There are situations in life where words don’t seem to work. These situations seem to be indescribable and baffling. Language, specifically the English language, just doesn’t do situational justice. I am here to remedy that.
Here are some stupid words that may help:
Arsethsma – adjective: When someone’s tone of voice is like a laboured whine; a nagging and boring vocal tone.
“He was trying to describe to me why men’s rights were so important but the combination of his stupidity and his arsethsma make me punch his stupid face in the face.”
Crundleport – adjective: The feeling you have in your heart when your dog has just done several disgusting things to itself and a stuffed animal but looks up at you with those loving eyes that would melt a planet made out of icebergs.

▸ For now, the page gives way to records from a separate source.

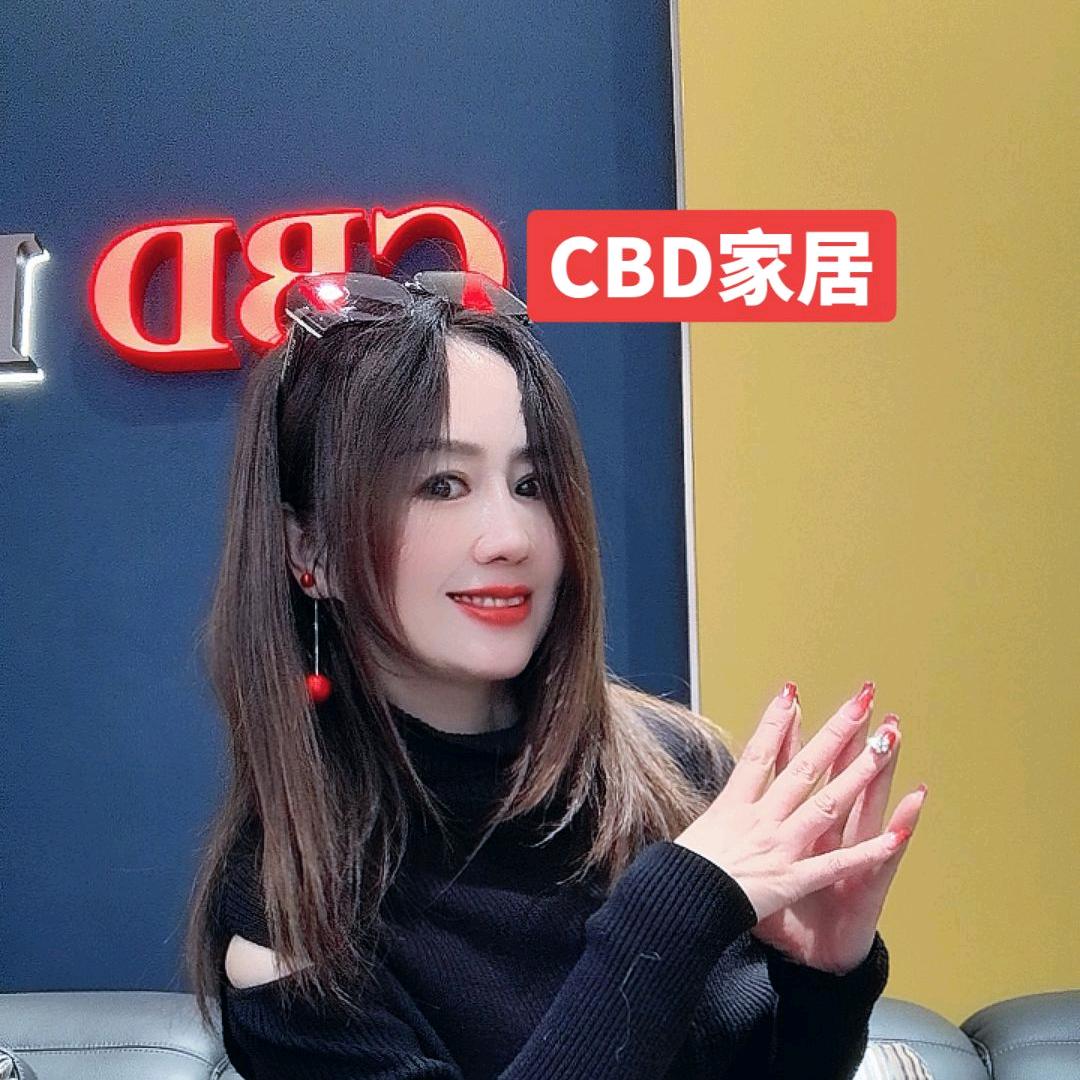 刘姐CBD家居&金可儿喜临门&品牌集合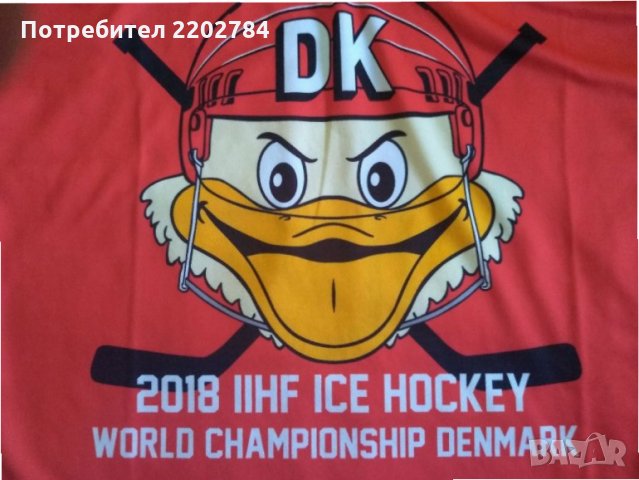 Hockey,хокей тениска, снимка 3 - Зимни спортове - 32778747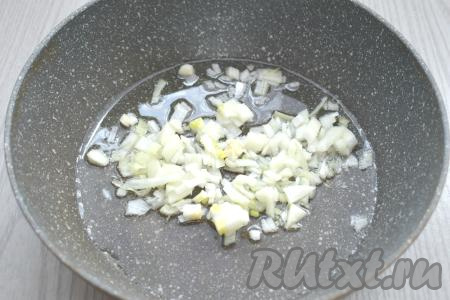 Лук очищаем. Разогреваем на сковороде растительное масло, выкладываем мелко нарезанную луковицу и обжариваем её до прозрачности (минуты 3) на среднем огне, периодически помешивая.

“I almost lost my lunch when I saw what Mr. Boobers was doing, but I got all crundleport inside when he crawled up on my lap and fell asleep. And then I burned my clothes.”
Crappenstance – noun: The moment you realize, out of all the options you are facing in your life none of them has anything to do with eating a vat of chocolate ice cream while watching Golden Girls re-runs.
“I cry a lot because of this crappenstance.”
Klintilqubous – adjective: The ability to taste colours for clinical reasons.
“We didn’t know why the bats were all fucked up until Ethel klintilquobously pronounced that it was the hue of our flashlights that gave the bats the ‘scream vomits’.”
Piloquat – noun: A unit of measurement quantifying how bored a person is.
“Between listening to teenagers talk about music and being stared at by a baby, this bus ride comes in at about 150 piloquats.”
Spang – verb: To hit your funny bone and sneeze at the same time.
“After my most recent spanging, I’m starting to wonder if I’m allergic to hurting my humerus.”
Moisterling – adjective: When a child’s nightmares are not just a figment of their imagination; a reality-based boogeyman.
“I thought little Jeffy was making up what he called ‘aliens invading his mind with transmissions while he slept’. That was until we found the moisterling. It was a wasp nest in the tree outside his bedroom window.”
Schmoo – noun: A person who is constantly jumping from fad to fad to the point where they are a constant transitional fashion mess.
“Mullet, bell bottoms, Ed Hardy cap, Tap-Out t-shirt, charm bracelet, nose stud, lip ring, flesh tunnels, tamagochi necklace, aviator glasses and Doc Marten boots. Dude is a schmoo. Dude is a total schmoo.”
Whintle – verb: To make something up out of sheer necessity.
“I whintled that column. Don’t tell my boss.”